Portland Public Schools staff and the district s attendance boundary committee presented draft elementary and middle school boundary scenarios and a timeline for community feedback, saying any board action would come after an implementation plan and further engagement.
The committee, created by a June 2024 board resolution, has been meeting for nearly a year and used an external demographer, McKay Larrabee of MGT, to model how proposed boundary shifts would affect enrollment now and in five and 10 years. "Functional capacity" (classroom capacity set aside for arts, gym, special education), "resident students" (students living in Portland), "utilization" (rostered resident students divided by functional capacity) and the district s measure of "economically disadvantaged" (household income at or below 185% of the federal poverty level) were presented as the committee s working definitions.
Staff and committee members emphasized the tension between equalizing utilization and addressing socioeconomic imbalance. The presenter said scenarios can change utilization more easily than socioeconomic composition because neighborhood housing patterns drive poverty measures. Committee priorities guiding map changes are utilization, socioeconomic demographics, neighborhood schools, transportation effects and minimizing overall student disruption.
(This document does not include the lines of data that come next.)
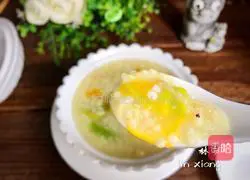 Illustration of how to make pumpkin flower rock sugar millet porridge 9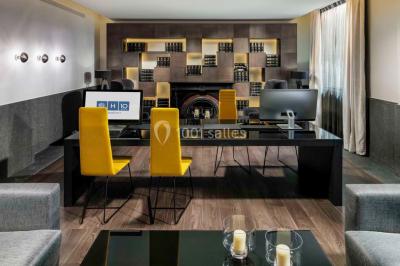 Salle de bain moderne avec douche vitrée, lavabo blanc, miroir rond, fleurs jaunes et mur bleu texturé.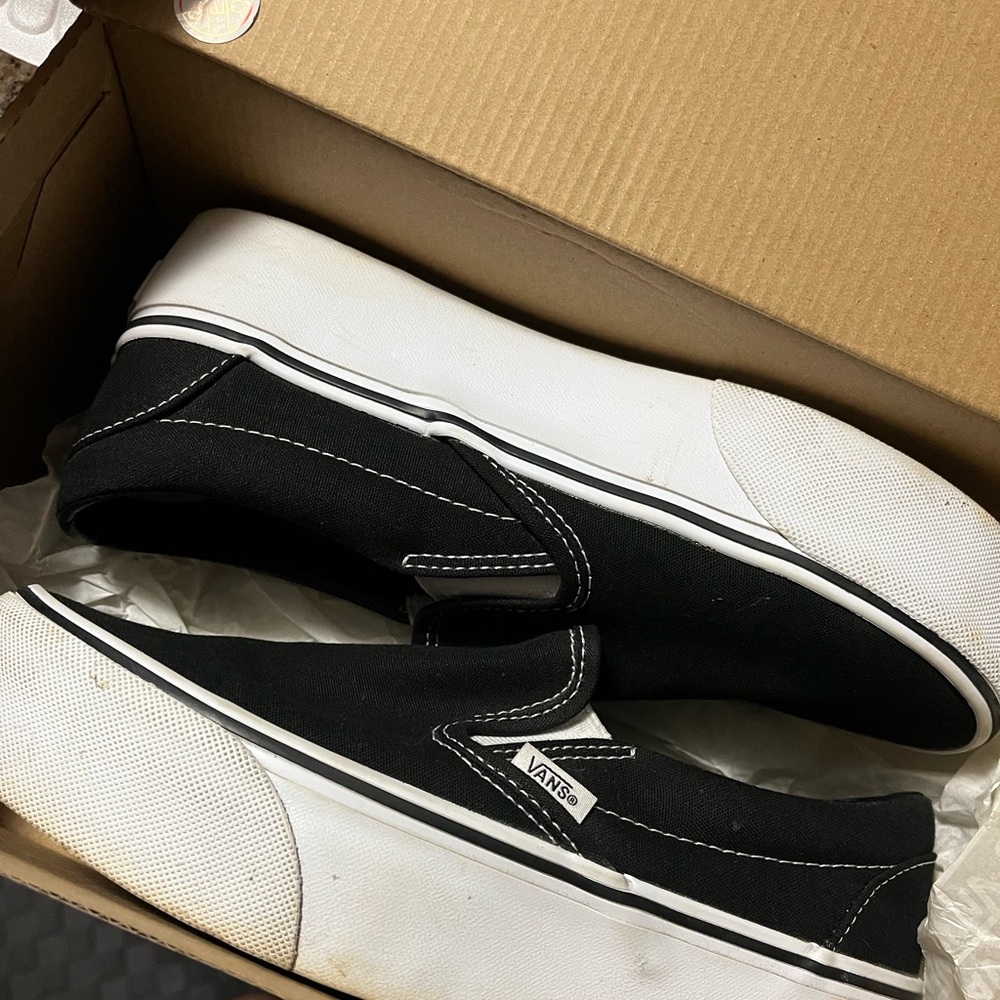 Vans Men's Black and White Slip-On Sneakers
The boundary group reviewed multiple scenarios and said it modified a favored map (referred to in committee materials as scenario 6) after considering community feedback and demographic projections. The presenter said the committee will hold a second round of community engagement in October, with sessions the presenter believed were scheduled for Oct. 15, 16, 29 and 30, and that the committee anticipates submitting recommendations to the board in November. "There are no changes to boundaries for the 2025-26 school year," the presenter said, and said implementation planning (for example, whether fourth graders remain at their current school for fifth grade and how siblings are treated) would be developed after community feedback.
Committee members and board members noted the technical work MGT does to adjust "study areas" at street level during meetings, and that the process must balance going slowly to get details right while moving quickly enough to allow budget planning for the next school year. The presenter emphasized that recommendations, if any, would include an implementation plan addressing transportation, sibling placement, and phased sequencing of elementary and middle school changes.
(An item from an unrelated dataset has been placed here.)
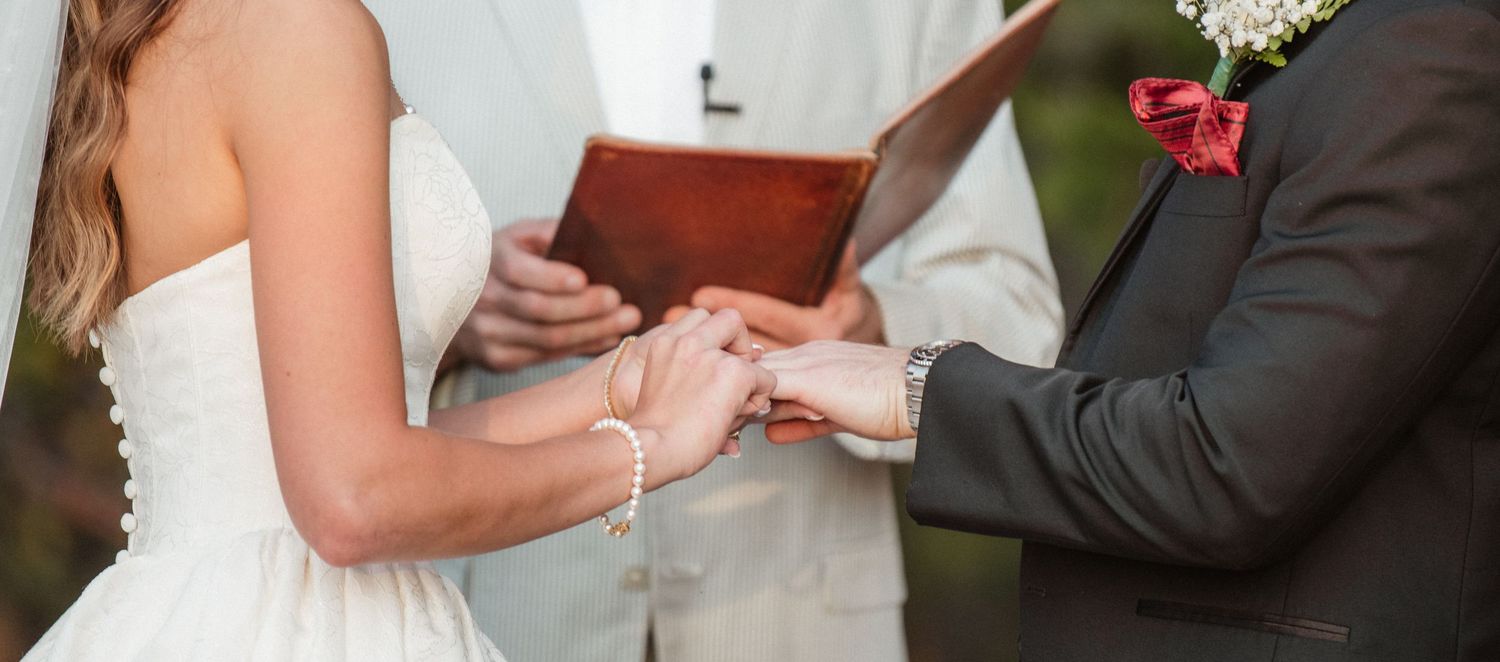 Close-up details of a white wedding dress and formal attire during an outdoor ceremony.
The committee said it is not proposing boundary changes for Peaks Island or Cliff Island because their contexts differ from mainland elementary schools. Staff also noted the importance of coordinating with city officials about pending housing developments that could materially change enrollment in particular neighborhoods.
Next steps listed by staff were: finalize draft middle school scenarios this week, run five- and 10-year enrollment projections against draft maps, hold the October community sessions, develop an implementation plan beginning immediately after the October meetings, and deliver a formal recommendation to the board, likely in November, to enable any budget implications to be addressed in the winter budget cycle.